Nebraska volleyball coach John Cook was in Hooper, Neb., one day in the summer of 2004. He just got the news that former Husker Nancy Metcalf had made the 2004 U.S. Olympic women's volleyball team.
On that day, he just happened to be making a recruiting visit at the home of Jordan Larson.
“I'm sure I mentioned (Metcalf making the team) to her,” Cook said.
Every angle counts. But no way could Cook have known he was passing the Olympic torch from Metcalf to Larson.
The rest is history. Larson was a three-time All-American and national champion for the Huskers.

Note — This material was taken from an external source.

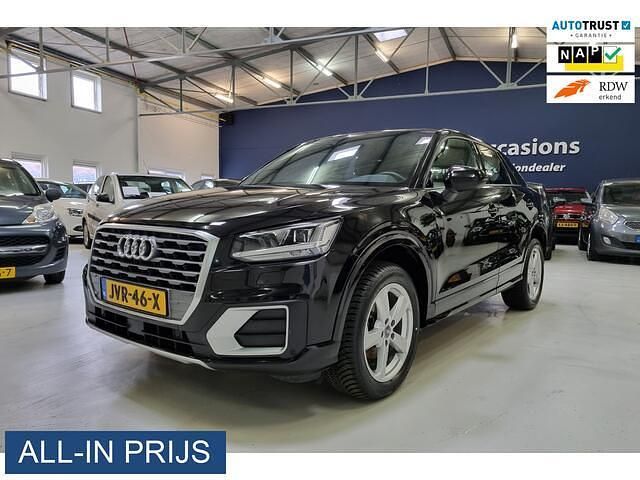 Occasion Audi Q2 Premium 116 PK (85 kW) 2020 Zwart SUV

But the history is just getting started. Turn on your TV today and you'll catch the girl from Hooper and her USA teammates playing in the volleyball semifinals in London. Larson is two wins away from a very historic gold medal.

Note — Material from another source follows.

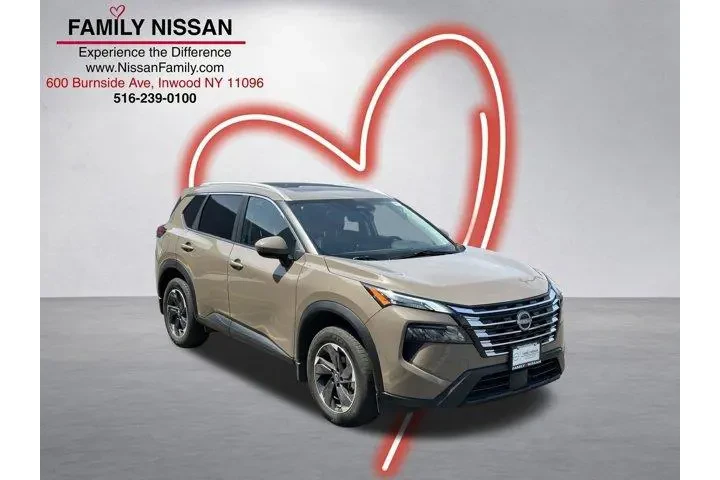 $25247 : Nissan Rogue 2025 AWD SV 4dr image 1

She's the fourth Nebraska player to compete in Olympic volleyball, joining Lori Endicott (1992-96), Allison Weston (1996) and Metcalf (2004). But since the USA has never won a gold medal in volleyball, Larson would be the first to bring home the gold to the NU Coliseum.

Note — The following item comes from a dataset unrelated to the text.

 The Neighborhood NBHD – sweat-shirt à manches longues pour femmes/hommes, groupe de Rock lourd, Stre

Most decorated volleyball player in Nebraska history? And then some.
Exhaustive records kept by E. A. Kral of Wilber, Neb., of nationally distinguished Nebraskans (his work can be found on the Nebraska State Education Association website), shows nine native Nebraskans who have won Olympic gold medals.
All nine are men.
It's a story that has gripped the scene at the Coliseum. Practice began on Wednesday. The Huskers are back with motivation. The defending Big Ten champs were upset early in the NCAAs last year. Cook is ready to push buttons. On Tuesday he handed out bracelets to the team that read “Unfinished Business.”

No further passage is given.